Activity.
Transcribe exactly, and only, the lines running from the one with "沈沐禾林霜华小说免费阅读" to the end of the entries below, both included, without any pictures.

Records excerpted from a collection

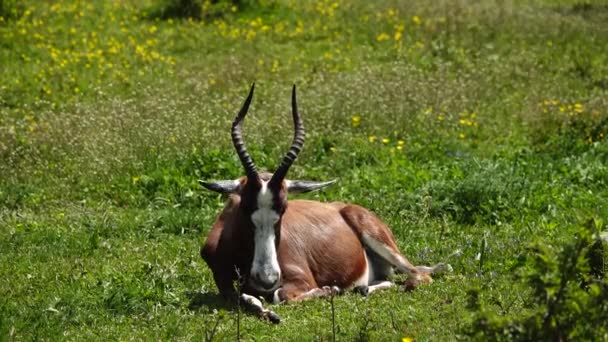 Blesbok Antilope Ligt Groen Gras Het Wild — Stockvideo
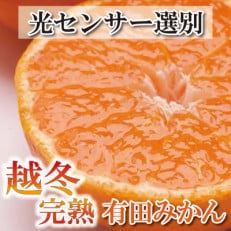 ＜先行受付＞家庭用　越冬完熟みかん2kg 60g(傷み補償分)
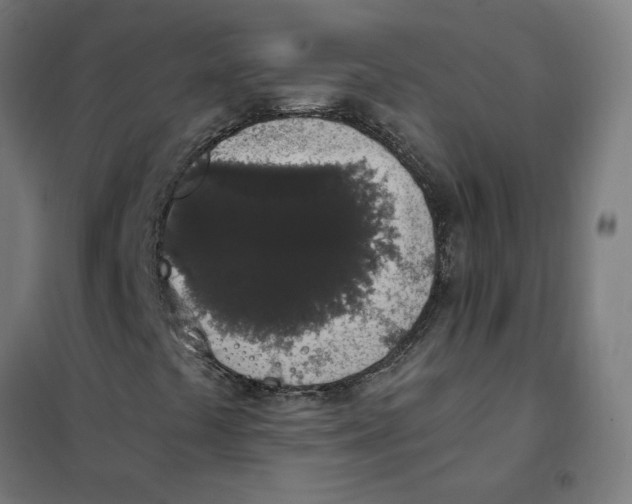 X0000101681441200808071058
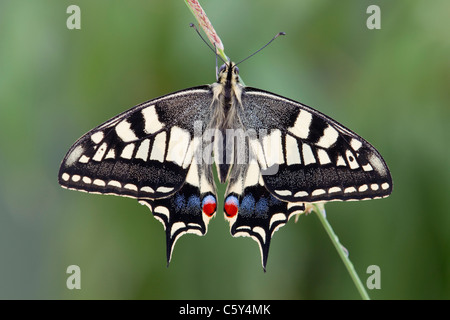 Schwalbenschwanz Schmetterling; Papilio Machaon; auf Rasen Stamm Stockfoto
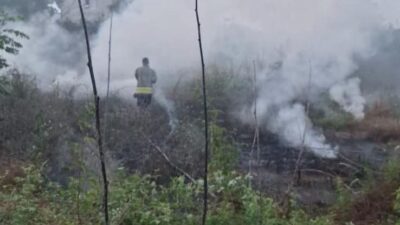 Hatay’ın Dörtyol ilçesinde meydana gelen yangın, hızlı bir şekilde müdahale
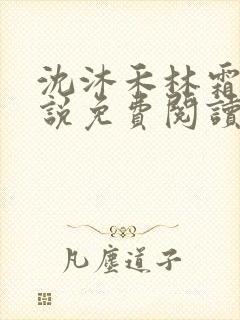 沈沐禾林霜华小说免费阅读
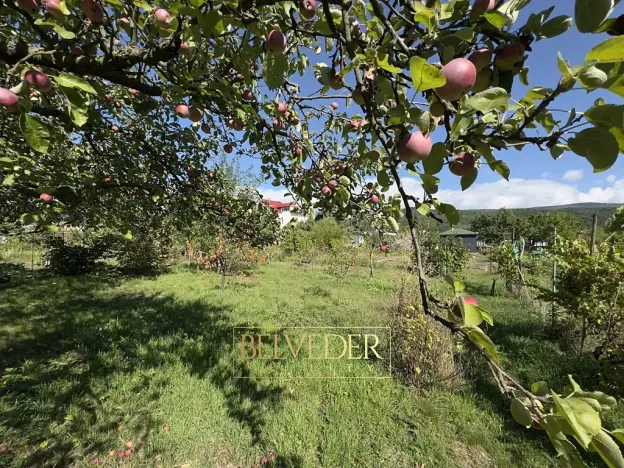 Prodej zahrady, Dubí, B. Němcové, 312 m2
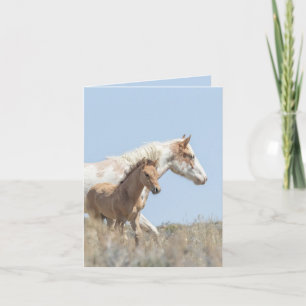 Carte de voeux Galetea et Foal Wild Horse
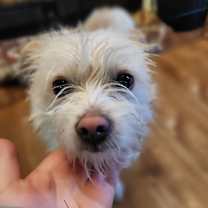Thumbnail photo of Zane #3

Solution to this exercise.
 沈沐禾林霜华小说免费阅读
 Prodej zahrady, Dubí, B. Němcové, 312 m2
 Carte de voeux Galetea et Foal Wild Horse
Thumbnail photo of Zane #3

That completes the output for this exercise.